**Your task**:
Among the entries below, one stretch runs from the line that contains "Autors: Ginta Grincēviča" through the line that contains "Хх красноярск. 20". Repeat that stretch exactly, ends included, and only that.

**Data to examine**:
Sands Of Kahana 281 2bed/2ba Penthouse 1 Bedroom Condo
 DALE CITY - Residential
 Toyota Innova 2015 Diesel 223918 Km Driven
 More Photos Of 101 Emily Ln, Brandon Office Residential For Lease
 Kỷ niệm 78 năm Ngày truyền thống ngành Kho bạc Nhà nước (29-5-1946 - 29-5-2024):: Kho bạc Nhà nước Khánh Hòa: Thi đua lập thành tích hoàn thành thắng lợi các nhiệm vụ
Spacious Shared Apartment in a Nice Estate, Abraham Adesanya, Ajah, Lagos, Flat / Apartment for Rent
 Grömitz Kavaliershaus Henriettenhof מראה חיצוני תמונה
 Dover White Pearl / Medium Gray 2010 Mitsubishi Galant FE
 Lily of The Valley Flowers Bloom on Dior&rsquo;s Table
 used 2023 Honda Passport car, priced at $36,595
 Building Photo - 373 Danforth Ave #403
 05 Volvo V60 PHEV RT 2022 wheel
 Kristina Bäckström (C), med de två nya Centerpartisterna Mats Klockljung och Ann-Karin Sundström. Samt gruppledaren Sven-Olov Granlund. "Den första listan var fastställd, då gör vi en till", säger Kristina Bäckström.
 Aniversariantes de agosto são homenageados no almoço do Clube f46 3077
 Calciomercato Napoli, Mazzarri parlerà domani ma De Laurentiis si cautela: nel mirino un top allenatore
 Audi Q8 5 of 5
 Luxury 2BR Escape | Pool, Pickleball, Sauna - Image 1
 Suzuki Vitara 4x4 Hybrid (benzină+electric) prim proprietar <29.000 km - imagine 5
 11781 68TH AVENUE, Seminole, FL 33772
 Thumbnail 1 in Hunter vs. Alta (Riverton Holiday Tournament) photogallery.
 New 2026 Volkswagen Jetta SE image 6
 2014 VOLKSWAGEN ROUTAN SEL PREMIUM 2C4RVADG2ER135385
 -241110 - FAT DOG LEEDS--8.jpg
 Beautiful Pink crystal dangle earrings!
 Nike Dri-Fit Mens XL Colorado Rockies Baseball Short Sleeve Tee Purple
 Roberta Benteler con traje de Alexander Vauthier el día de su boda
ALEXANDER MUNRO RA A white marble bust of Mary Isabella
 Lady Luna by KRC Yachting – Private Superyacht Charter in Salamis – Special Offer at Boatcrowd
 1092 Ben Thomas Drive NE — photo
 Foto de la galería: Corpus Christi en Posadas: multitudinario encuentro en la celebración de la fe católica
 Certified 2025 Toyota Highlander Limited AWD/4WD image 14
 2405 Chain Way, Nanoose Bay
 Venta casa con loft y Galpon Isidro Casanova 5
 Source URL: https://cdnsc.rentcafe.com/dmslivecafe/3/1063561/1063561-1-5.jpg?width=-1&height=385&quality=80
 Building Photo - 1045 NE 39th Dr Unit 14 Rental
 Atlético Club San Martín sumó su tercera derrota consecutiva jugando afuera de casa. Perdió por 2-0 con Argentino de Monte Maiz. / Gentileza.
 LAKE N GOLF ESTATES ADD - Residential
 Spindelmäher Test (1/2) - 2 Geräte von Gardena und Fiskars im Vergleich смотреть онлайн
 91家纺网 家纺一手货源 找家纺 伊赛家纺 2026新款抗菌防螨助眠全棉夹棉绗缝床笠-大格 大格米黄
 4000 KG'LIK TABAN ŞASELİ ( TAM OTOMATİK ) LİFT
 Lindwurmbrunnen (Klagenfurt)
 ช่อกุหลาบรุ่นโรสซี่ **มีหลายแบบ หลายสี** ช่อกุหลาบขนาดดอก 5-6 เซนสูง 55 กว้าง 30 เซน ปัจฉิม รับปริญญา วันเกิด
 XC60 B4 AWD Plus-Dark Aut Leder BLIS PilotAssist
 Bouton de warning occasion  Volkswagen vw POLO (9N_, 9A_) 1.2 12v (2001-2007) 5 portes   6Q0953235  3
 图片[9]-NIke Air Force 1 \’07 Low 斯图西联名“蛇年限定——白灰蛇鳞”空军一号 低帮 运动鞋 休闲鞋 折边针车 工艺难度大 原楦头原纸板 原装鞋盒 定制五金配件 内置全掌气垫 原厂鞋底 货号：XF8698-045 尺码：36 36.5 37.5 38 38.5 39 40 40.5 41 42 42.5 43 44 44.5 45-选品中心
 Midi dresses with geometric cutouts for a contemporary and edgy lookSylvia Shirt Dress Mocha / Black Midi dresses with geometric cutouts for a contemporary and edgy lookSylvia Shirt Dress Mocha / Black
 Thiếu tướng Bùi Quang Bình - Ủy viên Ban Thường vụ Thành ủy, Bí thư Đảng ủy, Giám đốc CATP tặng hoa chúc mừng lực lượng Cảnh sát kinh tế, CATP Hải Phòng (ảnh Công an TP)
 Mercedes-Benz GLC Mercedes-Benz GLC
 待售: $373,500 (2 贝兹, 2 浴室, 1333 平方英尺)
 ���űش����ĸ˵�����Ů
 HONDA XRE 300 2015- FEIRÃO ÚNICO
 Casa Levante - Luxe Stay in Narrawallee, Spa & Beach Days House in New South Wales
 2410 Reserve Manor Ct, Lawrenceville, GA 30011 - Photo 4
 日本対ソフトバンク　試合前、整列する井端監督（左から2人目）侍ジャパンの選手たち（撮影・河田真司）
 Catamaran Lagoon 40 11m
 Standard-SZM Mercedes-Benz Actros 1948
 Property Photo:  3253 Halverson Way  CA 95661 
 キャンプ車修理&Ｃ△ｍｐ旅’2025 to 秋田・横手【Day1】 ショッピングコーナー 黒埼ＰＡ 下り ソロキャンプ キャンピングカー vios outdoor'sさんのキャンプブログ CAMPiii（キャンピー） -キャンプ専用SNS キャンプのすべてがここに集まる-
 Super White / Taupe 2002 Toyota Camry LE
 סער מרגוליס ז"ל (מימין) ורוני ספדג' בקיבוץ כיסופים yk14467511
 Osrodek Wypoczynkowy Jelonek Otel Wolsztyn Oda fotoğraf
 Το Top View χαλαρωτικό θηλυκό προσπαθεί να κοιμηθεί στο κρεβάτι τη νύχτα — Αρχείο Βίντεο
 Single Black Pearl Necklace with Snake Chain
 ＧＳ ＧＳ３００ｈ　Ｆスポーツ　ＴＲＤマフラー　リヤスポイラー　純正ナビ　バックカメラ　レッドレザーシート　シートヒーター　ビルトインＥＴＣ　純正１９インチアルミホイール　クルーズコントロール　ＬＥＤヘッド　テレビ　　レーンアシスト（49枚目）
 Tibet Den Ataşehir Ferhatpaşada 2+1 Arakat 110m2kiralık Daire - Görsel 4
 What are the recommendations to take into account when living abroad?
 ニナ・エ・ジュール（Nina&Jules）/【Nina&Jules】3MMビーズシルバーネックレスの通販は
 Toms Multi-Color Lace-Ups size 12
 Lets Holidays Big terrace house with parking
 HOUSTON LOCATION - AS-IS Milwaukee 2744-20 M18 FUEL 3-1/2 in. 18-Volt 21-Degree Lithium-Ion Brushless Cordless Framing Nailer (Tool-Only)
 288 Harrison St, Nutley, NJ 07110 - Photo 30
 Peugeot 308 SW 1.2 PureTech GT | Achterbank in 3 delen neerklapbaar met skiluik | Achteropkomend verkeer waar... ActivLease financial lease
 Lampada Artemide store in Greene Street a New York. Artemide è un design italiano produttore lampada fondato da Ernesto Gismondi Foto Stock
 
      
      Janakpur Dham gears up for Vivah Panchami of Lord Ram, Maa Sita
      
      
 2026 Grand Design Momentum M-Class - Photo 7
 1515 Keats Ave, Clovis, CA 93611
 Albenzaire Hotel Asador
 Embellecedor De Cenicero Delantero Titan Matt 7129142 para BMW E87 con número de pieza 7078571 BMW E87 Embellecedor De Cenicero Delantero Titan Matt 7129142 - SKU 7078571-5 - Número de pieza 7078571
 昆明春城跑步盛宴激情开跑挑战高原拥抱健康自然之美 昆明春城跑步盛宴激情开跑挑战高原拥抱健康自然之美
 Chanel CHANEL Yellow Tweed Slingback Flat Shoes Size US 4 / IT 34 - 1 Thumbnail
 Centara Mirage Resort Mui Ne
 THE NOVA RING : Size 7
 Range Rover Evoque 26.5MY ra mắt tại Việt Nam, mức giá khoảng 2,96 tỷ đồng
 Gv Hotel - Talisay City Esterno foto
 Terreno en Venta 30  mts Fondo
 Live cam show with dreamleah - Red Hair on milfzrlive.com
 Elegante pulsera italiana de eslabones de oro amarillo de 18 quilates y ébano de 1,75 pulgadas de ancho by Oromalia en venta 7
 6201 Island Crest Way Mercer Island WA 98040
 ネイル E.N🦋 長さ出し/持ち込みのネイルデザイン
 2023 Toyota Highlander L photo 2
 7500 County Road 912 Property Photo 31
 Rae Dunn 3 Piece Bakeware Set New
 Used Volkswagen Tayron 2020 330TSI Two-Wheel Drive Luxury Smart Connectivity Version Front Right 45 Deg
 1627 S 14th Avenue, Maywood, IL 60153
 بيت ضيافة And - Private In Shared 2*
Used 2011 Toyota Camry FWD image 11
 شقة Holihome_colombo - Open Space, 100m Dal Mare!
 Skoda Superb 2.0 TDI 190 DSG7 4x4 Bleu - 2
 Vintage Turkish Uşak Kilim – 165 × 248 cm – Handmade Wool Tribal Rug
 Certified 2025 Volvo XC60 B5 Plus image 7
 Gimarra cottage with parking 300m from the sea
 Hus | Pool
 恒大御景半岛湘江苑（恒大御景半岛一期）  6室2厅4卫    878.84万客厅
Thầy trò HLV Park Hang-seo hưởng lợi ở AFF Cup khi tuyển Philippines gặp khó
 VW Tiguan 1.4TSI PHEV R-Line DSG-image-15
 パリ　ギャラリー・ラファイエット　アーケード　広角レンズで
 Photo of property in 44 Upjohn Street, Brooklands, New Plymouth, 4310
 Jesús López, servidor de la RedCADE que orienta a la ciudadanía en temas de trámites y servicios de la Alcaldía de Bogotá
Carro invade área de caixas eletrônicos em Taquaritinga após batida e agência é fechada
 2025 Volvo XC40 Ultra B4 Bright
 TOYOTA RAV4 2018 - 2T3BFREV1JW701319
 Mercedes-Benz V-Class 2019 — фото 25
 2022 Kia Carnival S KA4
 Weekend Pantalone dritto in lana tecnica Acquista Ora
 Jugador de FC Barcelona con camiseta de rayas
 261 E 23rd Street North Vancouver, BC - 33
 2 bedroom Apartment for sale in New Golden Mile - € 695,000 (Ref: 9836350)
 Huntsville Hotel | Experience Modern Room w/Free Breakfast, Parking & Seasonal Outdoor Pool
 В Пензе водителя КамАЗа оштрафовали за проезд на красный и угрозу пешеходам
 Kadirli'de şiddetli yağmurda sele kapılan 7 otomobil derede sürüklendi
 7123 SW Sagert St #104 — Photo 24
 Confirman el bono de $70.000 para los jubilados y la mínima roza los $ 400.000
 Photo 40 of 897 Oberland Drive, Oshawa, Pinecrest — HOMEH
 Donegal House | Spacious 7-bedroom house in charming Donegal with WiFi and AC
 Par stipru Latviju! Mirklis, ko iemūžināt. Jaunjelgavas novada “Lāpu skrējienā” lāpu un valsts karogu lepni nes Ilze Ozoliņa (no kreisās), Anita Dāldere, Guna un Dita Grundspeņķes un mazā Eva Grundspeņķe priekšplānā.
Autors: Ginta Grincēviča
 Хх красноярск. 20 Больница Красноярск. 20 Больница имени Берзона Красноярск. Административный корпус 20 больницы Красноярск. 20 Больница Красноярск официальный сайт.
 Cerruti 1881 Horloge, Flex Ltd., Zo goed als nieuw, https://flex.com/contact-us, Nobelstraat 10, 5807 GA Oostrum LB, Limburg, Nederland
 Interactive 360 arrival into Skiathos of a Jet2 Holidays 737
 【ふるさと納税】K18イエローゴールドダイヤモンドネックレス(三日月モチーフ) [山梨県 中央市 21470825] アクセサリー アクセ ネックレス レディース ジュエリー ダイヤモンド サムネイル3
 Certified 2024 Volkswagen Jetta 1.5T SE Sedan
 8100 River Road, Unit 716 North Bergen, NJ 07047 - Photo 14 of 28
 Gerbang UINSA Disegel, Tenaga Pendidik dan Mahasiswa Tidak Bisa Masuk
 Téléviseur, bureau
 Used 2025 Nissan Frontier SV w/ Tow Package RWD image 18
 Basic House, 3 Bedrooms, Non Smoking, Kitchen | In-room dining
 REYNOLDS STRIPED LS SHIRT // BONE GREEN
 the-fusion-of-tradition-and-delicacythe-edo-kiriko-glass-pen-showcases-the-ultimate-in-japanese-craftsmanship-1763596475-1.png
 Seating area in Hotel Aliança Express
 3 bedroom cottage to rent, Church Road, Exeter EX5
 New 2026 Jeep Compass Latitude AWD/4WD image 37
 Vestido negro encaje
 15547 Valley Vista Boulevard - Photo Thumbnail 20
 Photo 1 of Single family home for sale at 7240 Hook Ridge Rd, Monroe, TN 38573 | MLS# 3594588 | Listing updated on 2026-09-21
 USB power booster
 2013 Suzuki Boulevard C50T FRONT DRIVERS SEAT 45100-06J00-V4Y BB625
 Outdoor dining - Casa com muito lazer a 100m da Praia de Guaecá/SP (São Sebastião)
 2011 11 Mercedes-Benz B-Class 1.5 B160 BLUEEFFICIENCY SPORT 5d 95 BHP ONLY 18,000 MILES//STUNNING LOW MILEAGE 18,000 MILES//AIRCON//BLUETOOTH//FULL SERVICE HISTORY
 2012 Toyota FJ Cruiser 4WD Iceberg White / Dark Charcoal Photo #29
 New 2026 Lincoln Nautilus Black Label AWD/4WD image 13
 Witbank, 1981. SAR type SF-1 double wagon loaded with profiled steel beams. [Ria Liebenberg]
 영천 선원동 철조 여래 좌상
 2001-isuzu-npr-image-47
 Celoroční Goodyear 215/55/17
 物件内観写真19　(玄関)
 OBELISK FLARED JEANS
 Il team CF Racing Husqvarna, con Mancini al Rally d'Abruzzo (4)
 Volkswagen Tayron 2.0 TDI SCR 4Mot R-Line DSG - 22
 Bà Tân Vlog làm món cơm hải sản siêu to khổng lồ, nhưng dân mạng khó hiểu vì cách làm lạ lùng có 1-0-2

**Response box**:
Autors: Ginta Grincēviča
 Хх красноярск. 20 Больница Красноярск. 20 Больница имени Берзона Красноярск. Административный корпус 20 больницы Красноярск. 20 Больница Красноярск официальный сайт.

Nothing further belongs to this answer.